On the face of it, validating this principle is straightforward: Check the distribution of bugs in each of the product’s modules and see if there are more bugs in certain modules. But does this truly prove anything?
If most of the bugs in a module were found during a single test cycle, after which this module was practically bug-free, then the bug-clustering claim is refuted, which means that just looking at the overall distribution is not enough. You need to look at the distribution over a number of test cycles and check if a module that had many bugs in an early cycle continues to show many bugs in consecutive test cycles.
But even this is not so simple. If we see some cycles that reveal many bugs in a module while other cycles don’t, we need to make sure the test cycles are comparable. It is possible that before test cycle A there were a lot of changes and additions to a module, while before test cycle B there were only bug fixes. In this case, we expect that test cycle A will find more bugs than cycle B.

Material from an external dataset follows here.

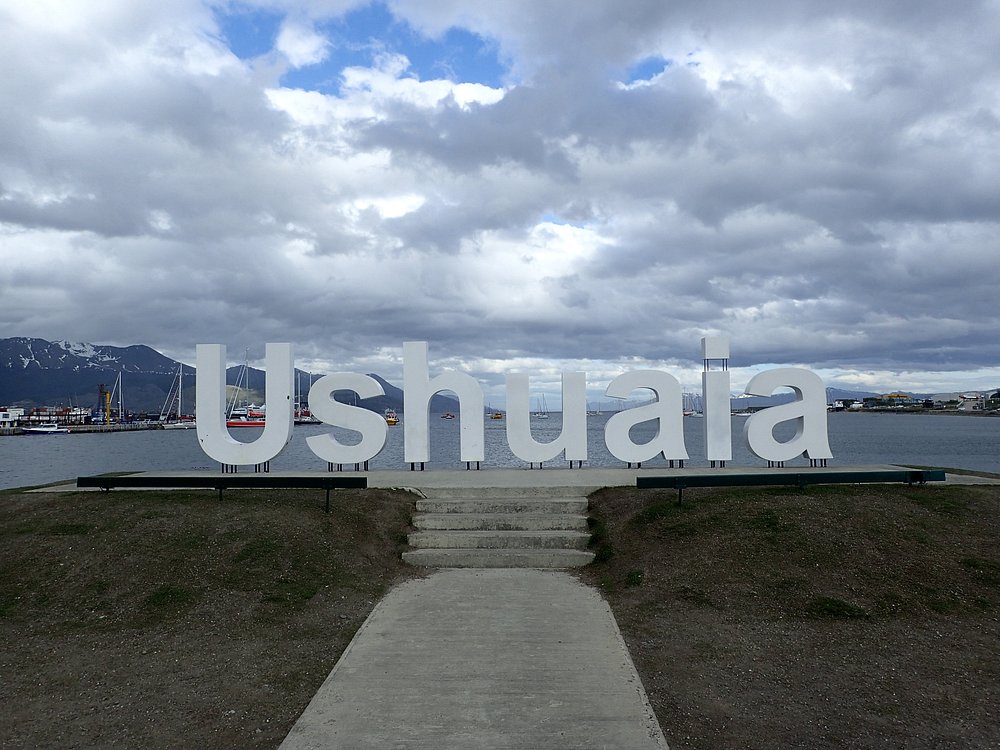 Ushuaia (1)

We also need to make sure that in all test cycles we executed more or less the same tests—that is, there are no test cycles where, for reasons of time pressure or resource scarcity, we only executed part of the test suite. It’s also recommended to have the same testers run all test cycles, since some testers have a sixth sense for catching bugs.
The more you think about it, proving the principle is not so easy.

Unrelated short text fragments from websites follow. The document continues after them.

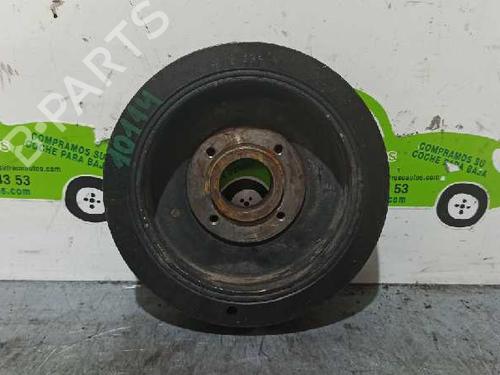 Used Pulley CITROËN JUMPER I Van (230L) 2.0 HDI (84 hp) 20254180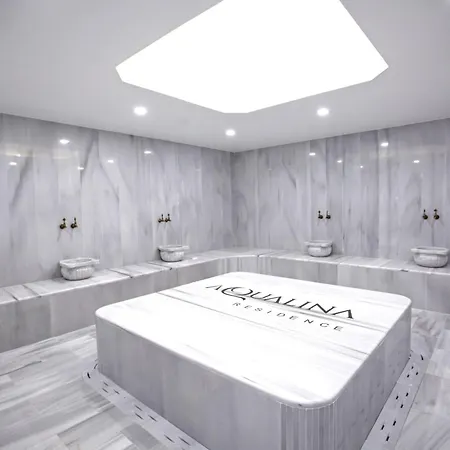 Aqualina B4-1 By Holidaykeys Apartman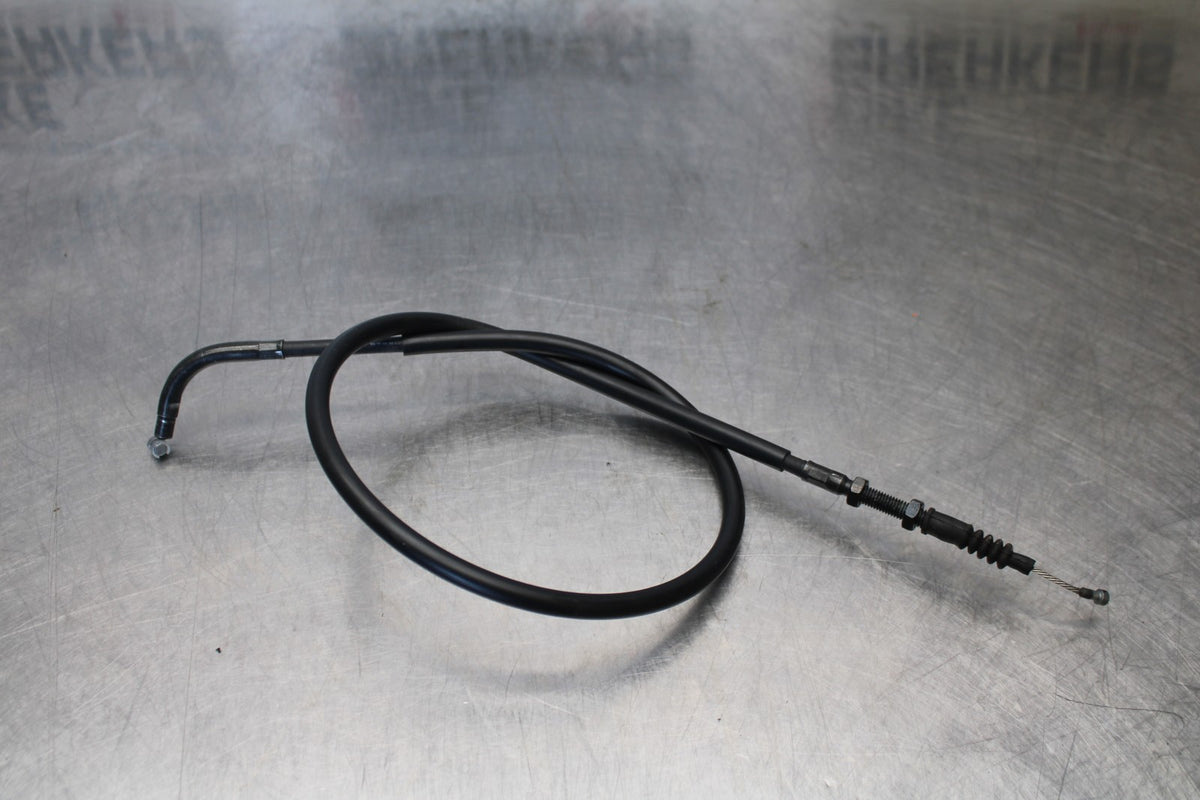 18-23 KAWASAKI NINJA 400 EX400 ABS CLUTCH CABLE LINE BB192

Another approach can be to analyze a large quantity of data over a long time, in order to identify repeating phenomena that may be explained by the bug-clustering principle. Some years ago, I worked on an embedded system where most of the code was in firmware. In this product line, across many years and many versions, the same three modules had the largest number of bug reports. Most bugs were found in the lab of course, but these modules also had a disproportionate level of customer-reported bugs.
Isn’t this clear proof that bugs are clustering? Well, maybe not. The problematic modules were the installation program and two other modules related to users’ interaction with the system. That means the high number of bugs could have been due to a different explanation than clustering. Interacting with an embedded system is not straightforward for users or testers, and it was easier to arrive at challenging corner cases in those few modules that provide easy interaction.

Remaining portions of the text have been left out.